PRT oh PRT [part 2]

Ngomongin PRT emang gak ada habisnya. Barusan abis maghrib ada pasangan muda datang ke rumah. Secara suami adalah sekretaris RT [hihi] tempat meminta surat pengantar kalau mau urus surat ke kelurahan, jadi dikira pasangan muda tersebut mau minta surat. Eh ternyata mau menginterograsi PRT saya.
Ternyata PRT-nya sudah tidak ada di rumah ketika mereka berdua pulang kerja. Dan parahnya lagi mereka tidak bisa masuk rumah karena tidak pegang kunci, yang pegang semua kunci ya PRTnya itu. Sangat disayangkan juga kenapa kok bisa menyerahkan semua kunci ke PRTnya.
Wah pembantu saya ketakutan karena dikira kasus akan dibawa ke polisi. Emang PRTnya mereka tidak punya temen di komplek kami selain ma PRT saya. Tapi sempet saya larang main dengan PRT tsb karena PRT saya cerita dia suka ngomong ngelantur dan merokok satu bungkus dalam satu jam. Sejak itu PRT saya tidak pernah main ke sana lagi.
Mereka berdua kelihatan bingung, bertanya pada kami apa yang harus dilakukan? Wah kami juga bingung. Akhirnya menghubungi mantan RT yang kebetulan tukang, kali aja bisa buka pintu tanpa kunci. Ternyata tidak bisa juga. Akhirnya diputuskan untuk menghubungi ketua RT dan melapor bahwa akan terjadi pendobrakan rumah sendiri. Biar ada laporan doang kali.
Saya, suami dan keluarga mantan RT beserta keluarga lain yang kebetulan keluar rumah dan tau cerita itu menunggu di luar rumah, rencananya mau menemani mereka saat mendobrak pintu. Si Dede juga tidak mau kalah solidaritasnya, hehe, Ikutan main di luar sama anak-anak. Main sepeda. Hahaha bilang aja mau main di luar rumah malam-malam dan ngekor ibunya :)
Sambil ngobrol, sambil nunggu laporan ke Pak RT, tiba-tiba ada sms ke hp si Mbak. Si PRT yang ngilang itu sms dan bilang kalo kuncinya disimpan di tempat "A". Wah langsung kita datangi dan buka tempat tersebut. Dan benar! kuncinya ada.

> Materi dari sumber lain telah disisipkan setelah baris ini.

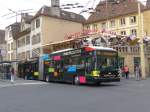 (151'491) - transN, La Chaux-de-Fonds - Nr. 131 - Hess/Hess Gelenktrolleybus (ex TN Neuchtel Nr. 131) am 12. Juni 2014 in Neuchtel, Place Pury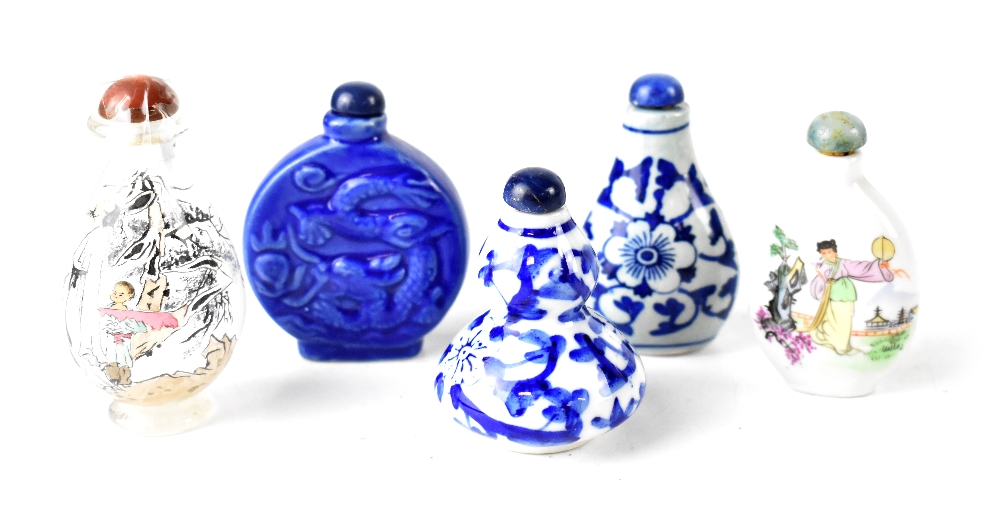 Five various Oriental scent bottles, two with character marks to base (5).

Rame-rama masuk rumah karena yang punya rumah takut masuk sendirian, kami menemukan surat dari PRT tsb. Dia bilang minta maaf dan mohon pamit. Dia tidak mengambil barang, dan jika ada barang yang hilang boleh mencari dia di suatu alamat.
Periksa diperiksa sepertinya memang tidak ada yang hilang.
Cerita dan cerita, memang tidak ada gelagat mencurigakan dari PRT tsb. Dimarahin juga tidak, semua seperti biasa.
Terus ada orang dari depot makanan yang kasih info bahwa dia dijemput seorang cowok dan cewek bawa motor. Entah kemana? Padahal dia tidak punya sanak saudara lagi dan hidup sebatang kara. Semoga saja kedua temannya itu orang baik-baik.
Hemm ada-ada saja.
PRT oh PRT, susah dimengerti.
Kadang kita maklumi mereka dengan keterbatasan pikirannya karena memang pendidikannya rendah, tapi kadang mereka lebih pintar dari dugaan kita. Pintar bisa dalam kategori baik dan buruk.